The decision represents a significant win for employers across Canada that have faced similar claims by former employees who have alleged constructive dismissal due to their failure to comply with mandatory vaccination policies. The decision is a continued evolution of COVID-19 case law in the non-unionized context, which demonstrates a judicial willingness to uphold reasonable vaccine policies and requirements that were adopted during the COVID-19 pandemic and that are consistent with government and public health authority guidance.[1]


The plaintiff was employed at Tribe Management Inc. (Tribe) when the COVID-19 pandemic commenced. In response to the pandemic, Tribe introduced a number of health and safety measures, including remote-working arrangements and social distancing. Informed by federal and provincial government and public health authorities’ guidance, Tribe implemented a mandatory COVID-19 vaccination policy in October 2021 to supplement and strengthen its COVID-19 response (the Policy).
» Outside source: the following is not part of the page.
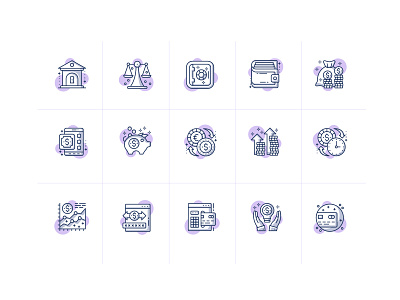 Custom Finance Icons ai app icon data design finance flat illustration icon icon design icon set iconography icons icons design product product design productdesign tech visual identity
The Policy was applied consistently to all employees and visitors to Tribe’s workplace, while contemplating an exemption on medical or religious grounds, in accordance with human rights legislation. Under the Policy, employees who remained unvaccinated based on personal reasons (or in the absence of medical or religious reasons) would be placed on an unpaid leave of absence.
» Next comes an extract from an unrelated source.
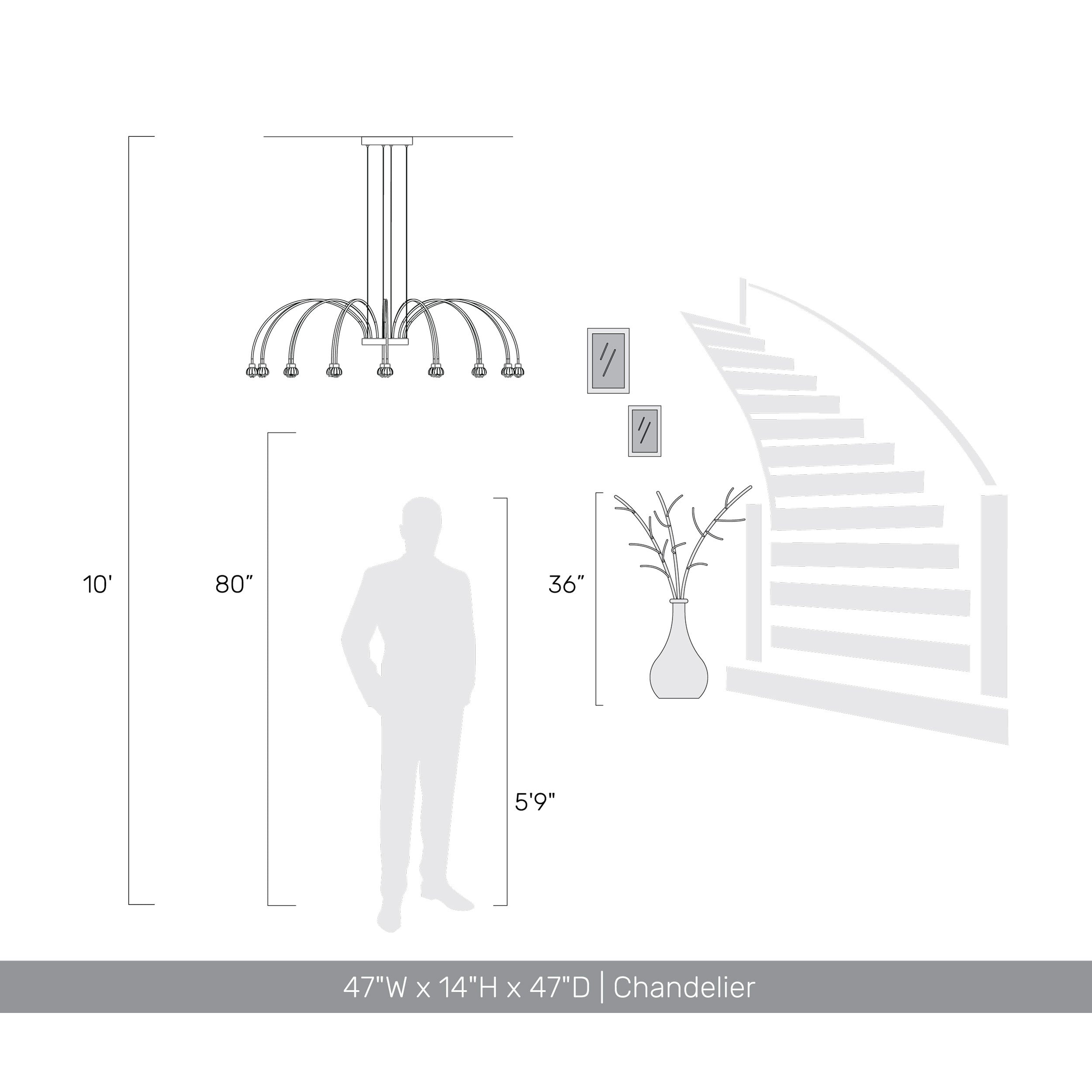 Vario Integrated LED 16 light Chandelier in Titanium Gold with Crystal diffusers - - Golden Lighting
The plaintiff refused to be vaccinated, citing certain media outlets and literature regarding the effectiveness and potential risks associated with the vaccines. The plaintiff did not assert medical or religious reasons that may have qualified her for an exemption under the Policy, and suggested alternative courses of action such as working from home and taking rapid tests when she had to attend the office. Tribe declined these alternative measures and insisted on consistently applying the Policy to all employees. As a result, the plaintiff was placed on an unpaid leave of absence on December 1, 2021 for failing to comply with the Policy and, on January 26, 2022, she resigned from Tribe and commenced a civil claim alleging constructive dismissal.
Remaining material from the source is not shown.